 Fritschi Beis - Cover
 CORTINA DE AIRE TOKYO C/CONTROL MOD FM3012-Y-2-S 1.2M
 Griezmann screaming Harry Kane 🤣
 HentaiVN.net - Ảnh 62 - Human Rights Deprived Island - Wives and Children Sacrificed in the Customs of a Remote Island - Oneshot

* * *

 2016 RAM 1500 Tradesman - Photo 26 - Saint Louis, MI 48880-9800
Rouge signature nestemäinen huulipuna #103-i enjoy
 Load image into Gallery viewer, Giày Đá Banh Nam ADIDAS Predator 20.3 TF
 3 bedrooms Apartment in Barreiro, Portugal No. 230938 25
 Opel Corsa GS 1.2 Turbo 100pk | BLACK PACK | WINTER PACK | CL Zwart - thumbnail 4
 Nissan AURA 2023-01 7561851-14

**PROBLEM TO SOLVE:** Within the material above, output exactly the lines from the one with "Fritschi Beis - Cover" through the one with "HentaiVN.net - Ảnh", end lines included, and nothing besides.

**ANSWER SECTION:**
 Fritschi Beis - Cover
 CORTINA DE AIRE TOKYO C/CONTROL MOD FM3012-Y-2-S 1.2M
 Griezmann screaming Harry Kane 🤣
 HentaiVN.net - Ảnh 62 - Human Rights Deprived Island - Wives and Children Sacrificed in the Customs of a Remote Island - Oneshot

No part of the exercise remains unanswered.